### The data
+===+
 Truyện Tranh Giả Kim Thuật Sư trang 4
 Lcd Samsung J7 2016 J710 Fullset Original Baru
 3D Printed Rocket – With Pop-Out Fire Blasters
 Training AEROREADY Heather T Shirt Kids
+===+
### Task directions
Repeat the whole listing, keeping every word exactly as it is.

### Problem solution
 Truyện Tranh Giả Kim Thuật Sư trang 4
 Lcd Samsung J7 2016 J710 Fullset Original Baru
 3D Printed Rocket – With Pop-Out Fire Blasters
 Training AEROREADY Heather T Shirt Kids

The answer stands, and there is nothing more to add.